RECORDED DATA:
+-------+

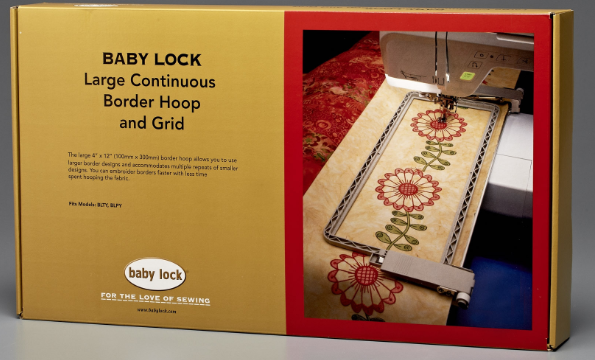 Babylock Continuous Border Hoop 4x12 BLMA-CBH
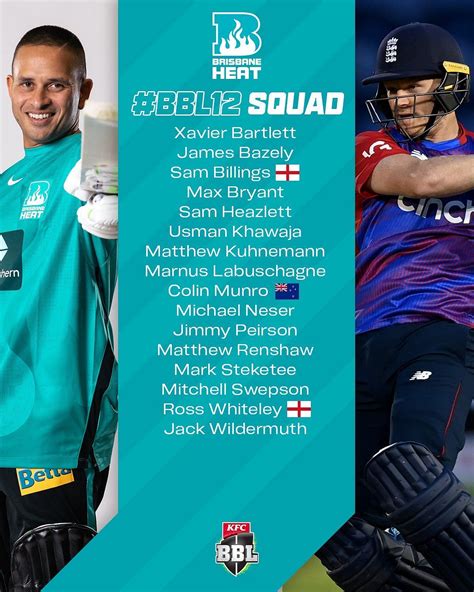 bbl  teams  players list big bash full squads complete list  players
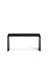 Черный лакированный журнальный столик Litto из МДФ, 90 x 45 см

+-------+

ASSIGNMENT: In your output, include only the lines from the line containing "players list big" through the last line of the material above, exactly as they appear, and leave out the pictures.

ANSWER TO THIS EXERCISE:
 bbl  teams  players list big bash full squads complete list  players
 Черный лакированный журнальный столик Litto из МДФ, 90 x 45 см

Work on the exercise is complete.